§ Exercise prompt
Exactly the lines below, starting with the one containing "Load image into" and going on through the one containing "Rough Country Hood", must be reproduced, both ends included, and no pictures with them.

§ Excerpted data
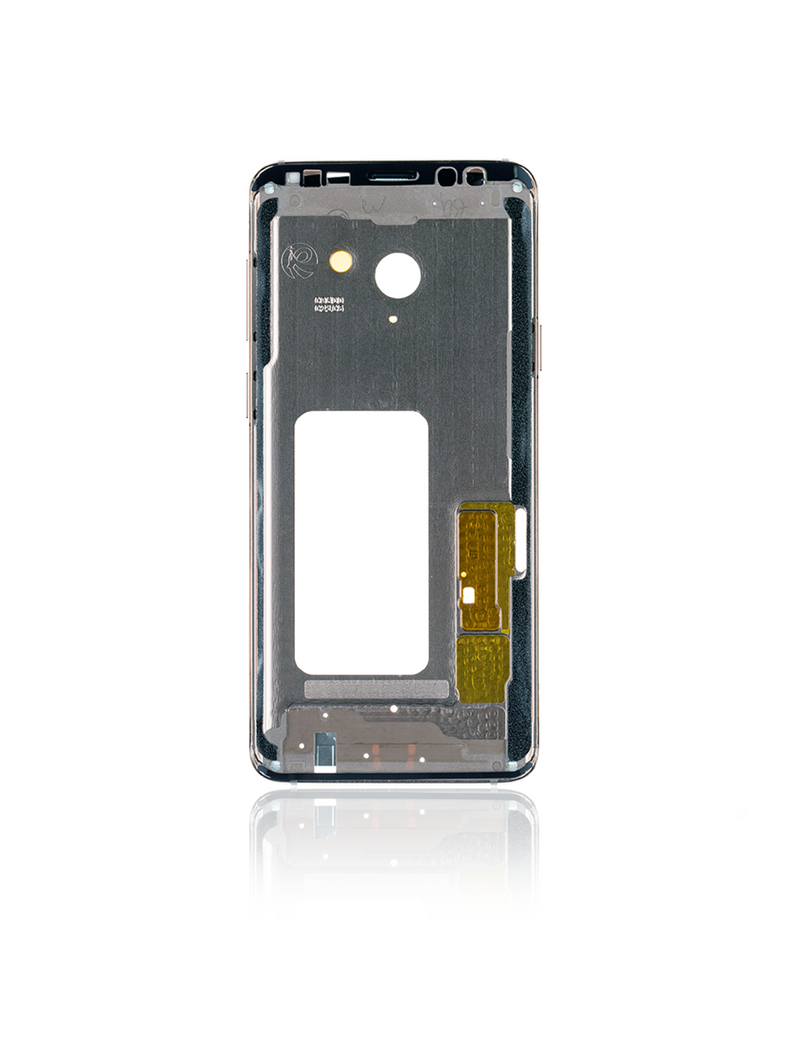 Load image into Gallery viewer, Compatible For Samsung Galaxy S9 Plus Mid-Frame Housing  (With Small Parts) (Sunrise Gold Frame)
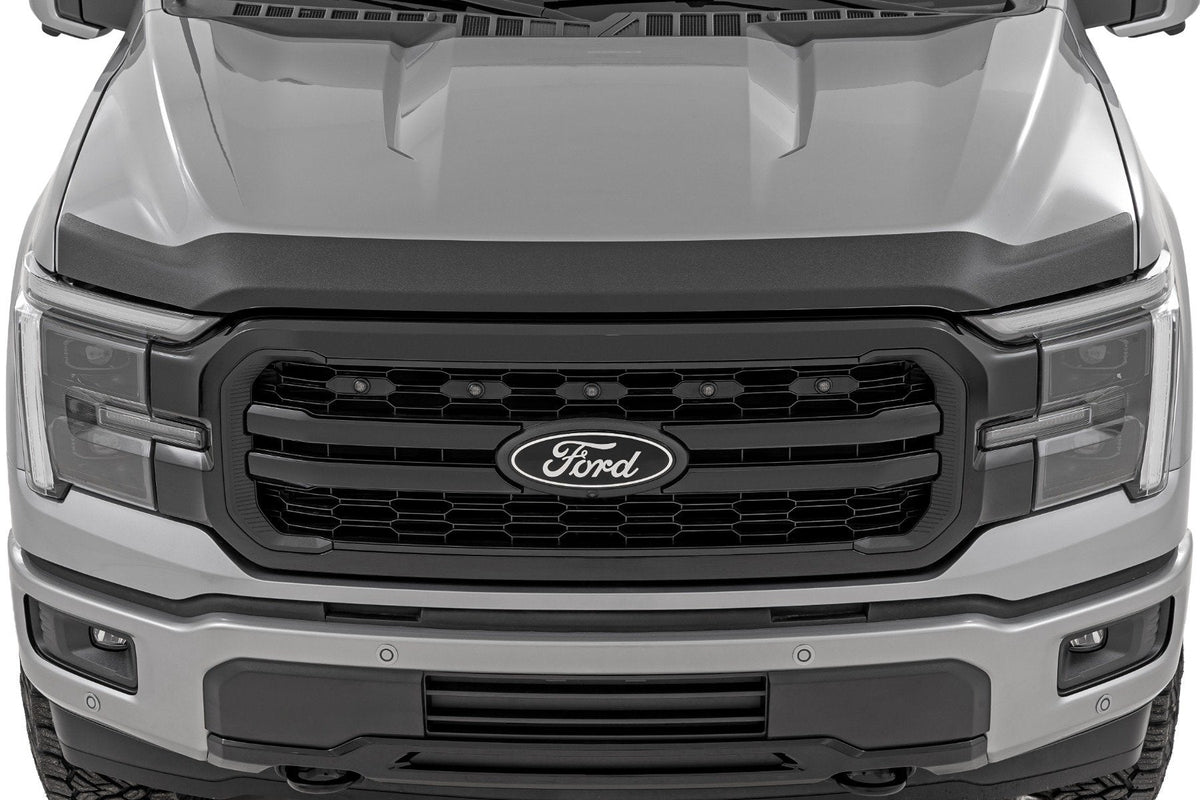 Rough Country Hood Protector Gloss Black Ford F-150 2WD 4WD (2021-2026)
...
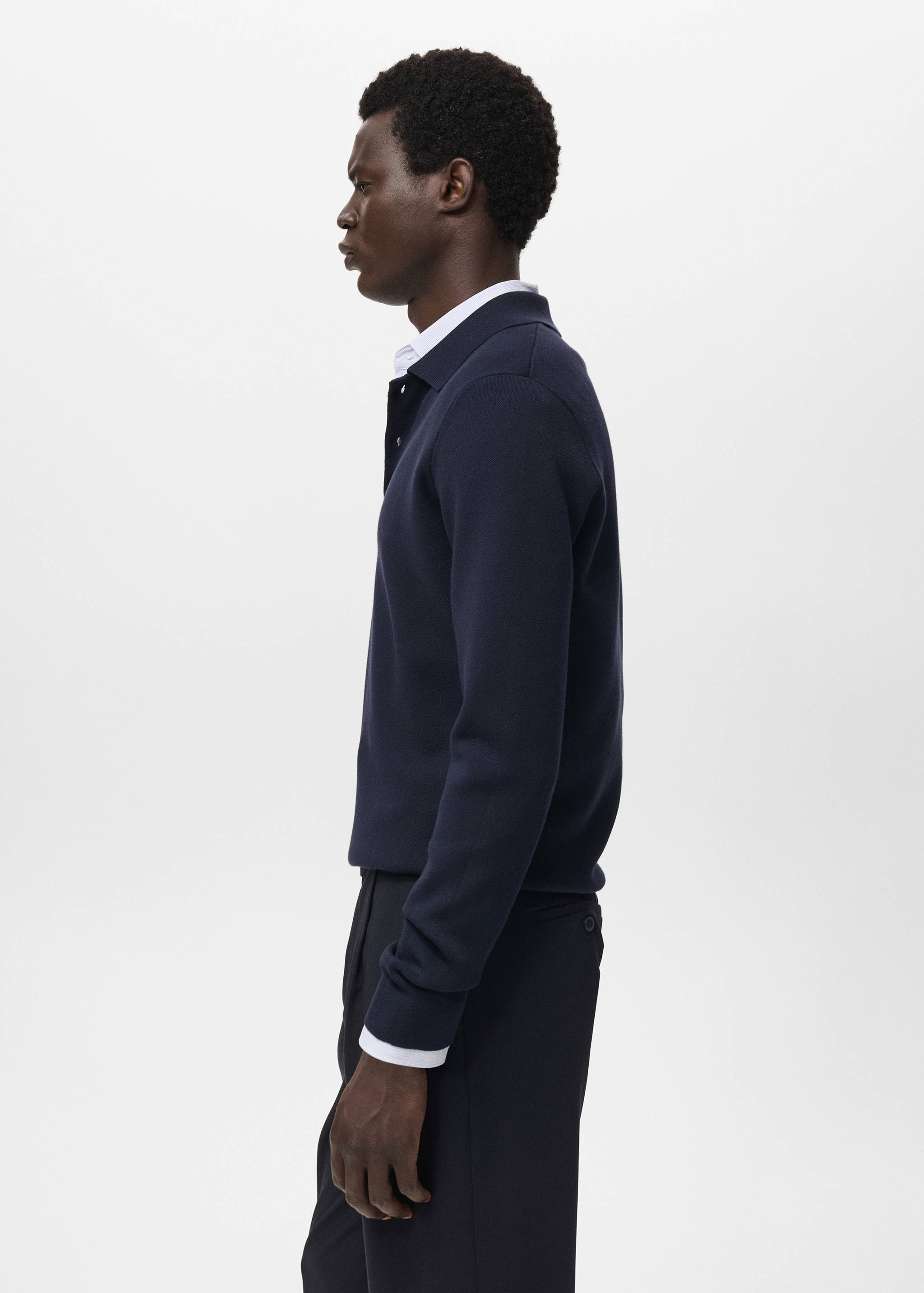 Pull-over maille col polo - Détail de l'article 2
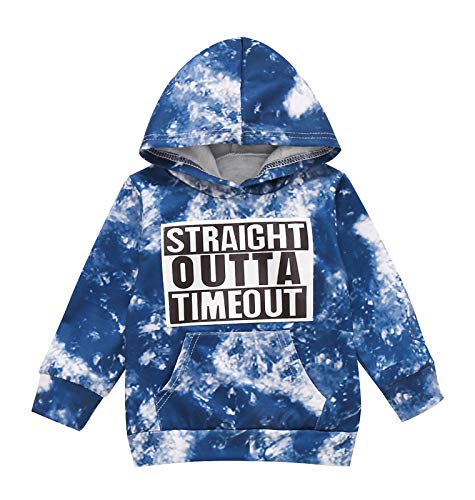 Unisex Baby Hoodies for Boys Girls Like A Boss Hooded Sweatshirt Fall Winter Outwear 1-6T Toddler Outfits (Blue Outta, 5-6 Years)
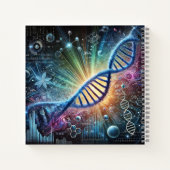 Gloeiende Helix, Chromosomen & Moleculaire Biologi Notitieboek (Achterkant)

§ Answer for the task
 Load image into Gallery viewer, Compatible For Samsung Galaxy S9 Plus Mid-Frame Housing  (With Small Parts) (Sunrise Gold Frame)
 Rough Country Hood Protector Gloss Black Ford F-150 2WD 4WD (2021-2026)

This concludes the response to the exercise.